In the line spectra of hydrogen atom, difference between the largest and the shortest wavelengths of the Lyman series is $304 \stackrel{\mathrm{o}}{\mathrm{A}}$. The corresponding difference for the Paschen series in A is 10x.
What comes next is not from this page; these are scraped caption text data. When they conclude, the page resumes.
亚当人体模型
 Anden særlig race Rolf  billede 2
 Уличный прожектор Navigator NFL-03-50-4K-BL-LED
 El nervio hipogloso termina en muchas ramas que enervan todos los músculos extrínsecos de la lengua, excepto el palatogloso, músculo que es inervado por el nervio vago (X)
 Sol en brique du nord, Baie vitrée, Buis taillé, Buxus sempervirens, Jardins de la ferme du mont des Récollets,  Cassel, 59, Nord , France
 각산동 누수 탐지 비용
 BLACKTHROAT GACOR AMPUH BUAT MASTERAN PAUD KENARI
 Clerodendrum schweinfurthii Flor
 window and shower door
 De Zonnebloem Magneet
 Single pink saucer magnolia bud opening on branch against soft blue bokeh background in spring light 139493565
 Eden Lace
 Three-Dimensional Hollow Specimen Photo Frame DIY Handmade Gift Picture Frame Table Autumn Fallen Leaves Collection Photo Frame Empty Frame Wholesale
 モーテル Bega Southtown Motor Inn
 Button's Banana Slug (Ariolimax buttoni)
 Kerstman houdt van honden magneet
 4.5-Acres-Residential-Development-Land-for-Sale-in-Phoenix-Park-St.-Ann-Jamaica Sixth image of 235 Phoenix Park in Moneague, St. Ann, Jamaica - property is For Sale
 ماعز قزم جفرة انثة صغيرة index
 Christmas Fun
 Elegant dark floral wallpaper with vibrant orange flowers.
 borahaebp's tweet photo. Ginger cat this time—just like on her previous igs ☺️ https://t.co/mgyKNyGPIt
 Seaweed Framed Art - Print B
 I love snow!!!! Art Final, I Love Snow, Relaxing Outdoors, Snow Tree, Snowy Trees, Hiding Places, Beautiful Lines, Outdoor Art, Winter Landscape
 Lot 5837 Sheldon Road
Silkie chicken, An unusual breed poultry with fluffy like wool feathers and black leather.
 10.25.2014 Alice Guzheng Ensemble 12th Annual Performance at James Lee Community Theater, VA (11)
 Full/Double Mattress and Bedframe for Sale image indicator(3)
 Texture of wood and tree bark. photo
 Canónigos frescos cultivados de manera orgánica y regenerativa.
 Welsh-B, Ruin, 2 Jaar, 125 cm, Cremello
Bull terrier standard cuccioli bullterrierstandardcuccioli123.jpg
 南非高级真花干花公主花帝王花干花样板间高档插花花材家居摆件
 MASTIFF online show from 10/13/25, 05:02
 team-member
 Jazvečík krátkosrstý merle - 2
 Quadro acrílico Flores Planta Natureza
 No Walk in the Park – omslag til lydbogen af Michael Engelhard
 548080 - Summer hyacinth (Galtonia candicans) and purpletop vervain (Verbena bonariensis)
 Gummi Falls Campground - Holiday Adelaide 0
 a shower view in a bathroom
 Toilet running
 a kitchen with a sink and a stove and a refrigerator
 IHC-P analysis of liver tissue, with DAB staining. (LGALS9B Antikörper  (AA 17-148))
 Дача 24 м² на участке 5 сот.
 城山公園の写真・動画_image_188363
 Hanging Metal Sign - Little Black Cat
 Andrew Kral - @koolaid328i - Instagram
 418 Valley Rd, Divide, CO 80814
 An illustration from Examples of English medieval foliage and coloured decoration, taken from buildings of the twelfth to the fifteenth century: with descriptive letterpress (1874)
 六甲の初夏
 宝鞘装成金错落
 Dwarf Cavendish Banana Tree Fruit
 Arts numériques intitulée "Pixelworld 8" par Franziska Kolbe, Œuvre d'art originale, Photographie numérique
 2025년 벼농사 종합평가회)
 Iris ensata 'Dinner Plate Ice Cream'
Then the value of x is _____

Form Bohr’s formula for hydrogen atom, $\frac{1}{\lambda }=R\left(\frac{1}{n_1^2}-\frac{1}{n_2^2}\right),R=1.097\times {10}^7{m}^{-1}$

For Lyman series: 

$\frac{1}{{\lambda }_{\min }}=R\left(1\right)=R\because n_2=\infty and{n}_1=1$

$\frac{1}{{\lambda }_{\max }}=R\left\{1-\frac{1}{4}\right\}=\frac{3R}{4}\because n_1=2,n_1=1$

$\therefore {\lambda }_{\max }-{\lambda }_{\min .}=\frac{4}{3R}-\frac{1}{R}=\frac{1}{3R}=304\left(given\right)$

For paschen series: 

$\lambda {\text{'}}_{\min }=R\left(\frac{1}{9}\right)and\lambda {\text{'}}_{\max }=R\left(\frac{1}{9}-\frac{1}{16}\right)=\frac{7R}{16\times 9}$

$\lambda {\text{'}}_{\min }-\lambda {\text{'}}_{\max }=\frac{16\times 9}{7R}-\frac{9}{R}=\frac{81}{7R}$

$or,\lambda {\text{'}}_{\max }=\lambda {\text{'}}_{\min }=\frac{81}{7R}=\frac{81}{7\times 3R}=\frac{81\times 3}{7}\times 304$

$\left(\because \frac{1}{3R}=304A\right)$

$\therefore$ For Pachen series, $\lambda {\text{'}}_{\max }=\lambda {\text{'}}_{\min }=10553.14$